In the listing below, locate the line that contains "Genova - i tuoi" and the line that contains "Ósmoklasisto, skorzystaj z". Restate word for word those two lines and every line between them, and nothing else.
[Start of section]
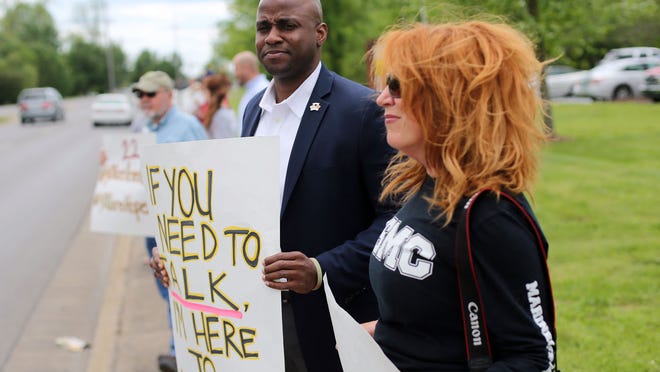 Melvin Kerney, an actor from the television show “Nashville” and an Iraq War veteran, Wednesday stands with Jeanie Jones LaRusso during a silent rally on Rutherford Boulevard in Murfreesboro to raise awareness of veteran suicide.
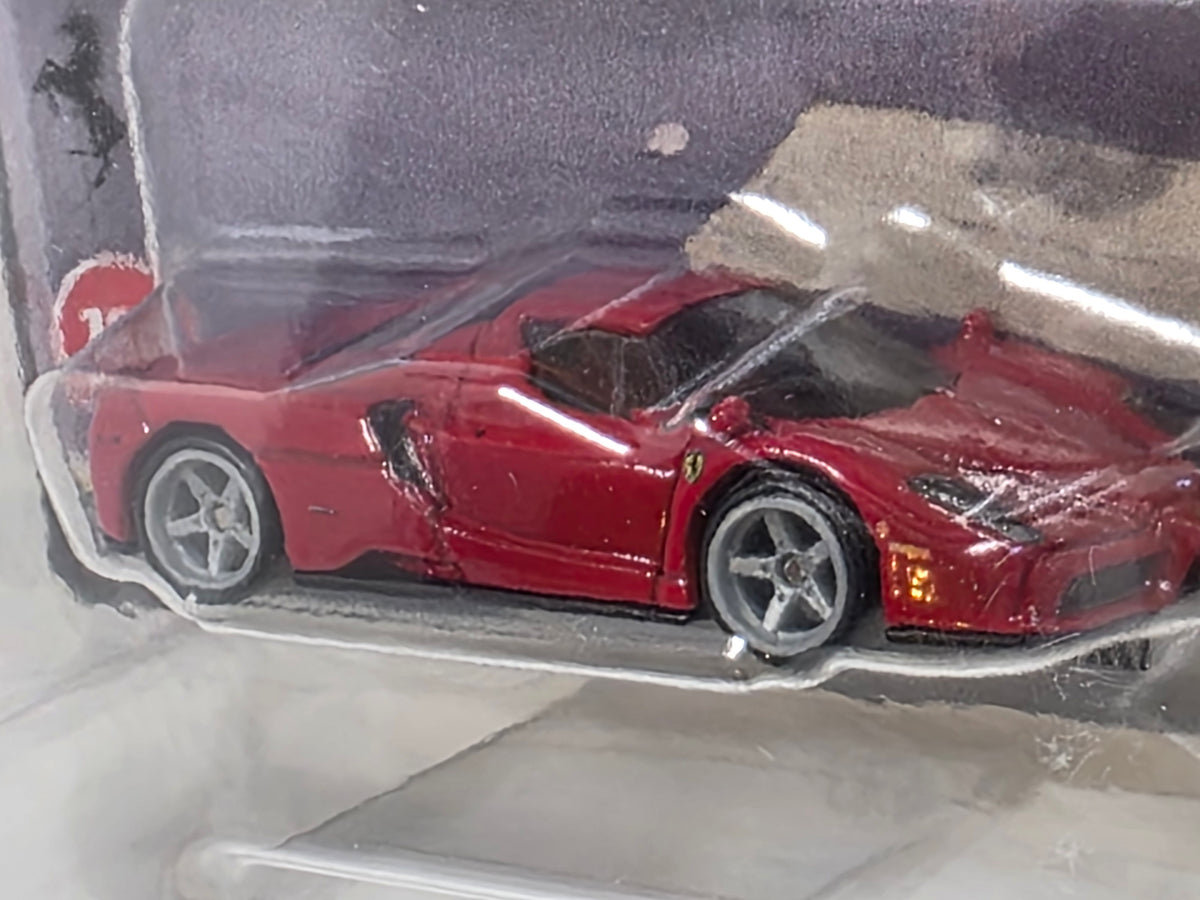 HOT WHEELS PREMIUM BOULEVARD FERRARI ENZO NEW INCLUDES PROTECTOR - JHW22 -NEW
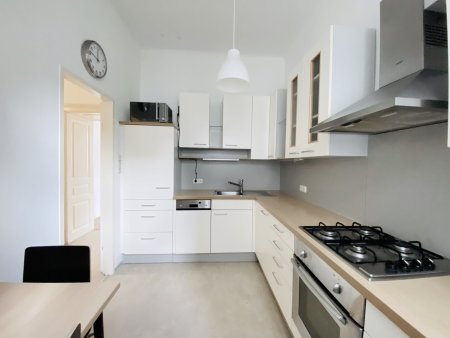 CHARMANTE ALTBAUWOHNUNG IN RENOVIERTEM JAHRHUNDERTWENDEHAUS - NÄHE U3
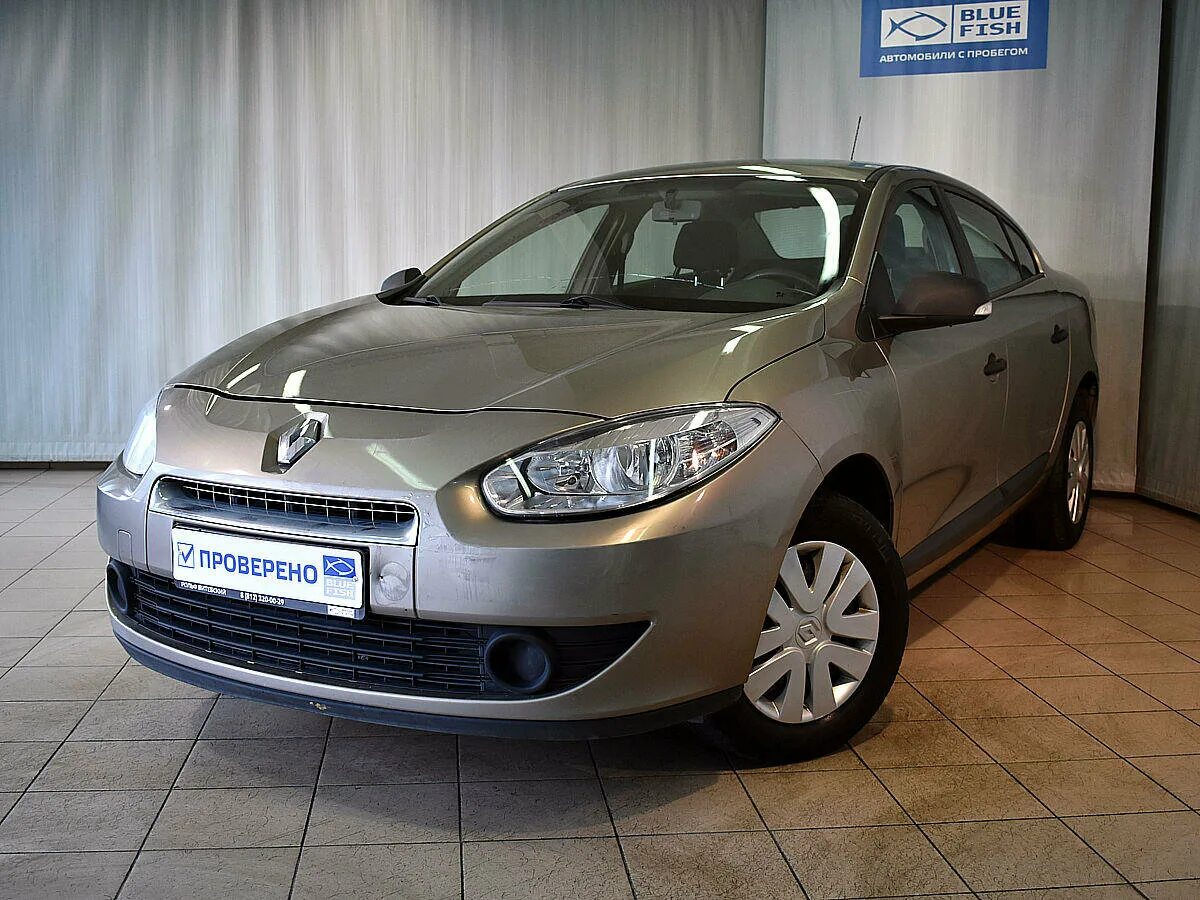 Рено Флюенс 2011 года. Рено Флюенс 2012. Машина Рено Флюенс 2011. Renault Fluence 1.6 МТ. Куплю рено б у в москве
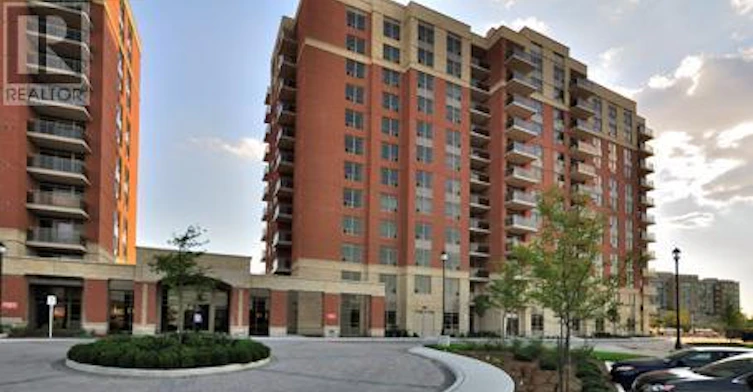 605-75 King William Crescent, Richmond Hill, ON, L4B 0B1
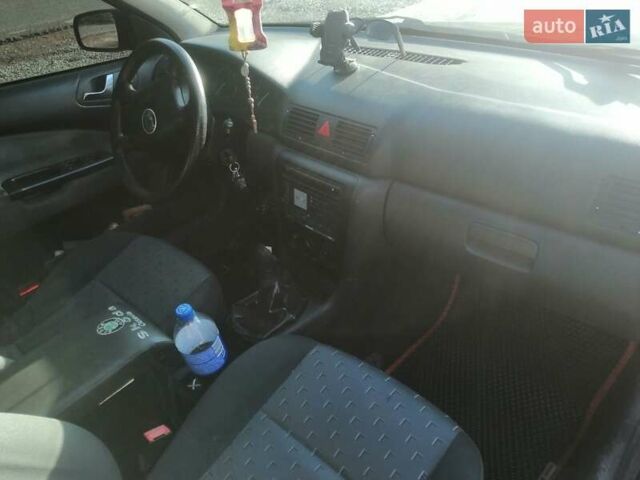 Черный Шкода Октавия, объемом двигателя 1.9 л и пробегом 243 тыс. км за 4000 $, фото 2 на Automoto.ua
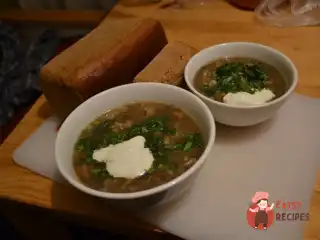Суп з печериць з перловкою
[End of section]
[Start of section]
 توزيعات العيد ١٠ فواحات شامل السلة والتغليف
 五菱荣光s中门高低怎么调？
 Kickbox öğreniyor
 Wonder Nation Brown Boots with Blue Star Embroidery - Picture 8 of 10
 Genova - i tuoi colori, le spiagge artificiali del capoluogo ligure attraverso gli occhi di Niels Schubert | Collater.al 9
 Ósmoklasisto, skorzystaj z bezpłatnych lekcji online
[End of section]
ANSWER SPACE.
 Genova - i tuoi colori, le spiagge artificiali del capoluogo ligure attraverso gli occhi di Niels Schubert | Collater.al 9
 Ósmoklasisto, skorzystaj z bezpłatnych lekcji online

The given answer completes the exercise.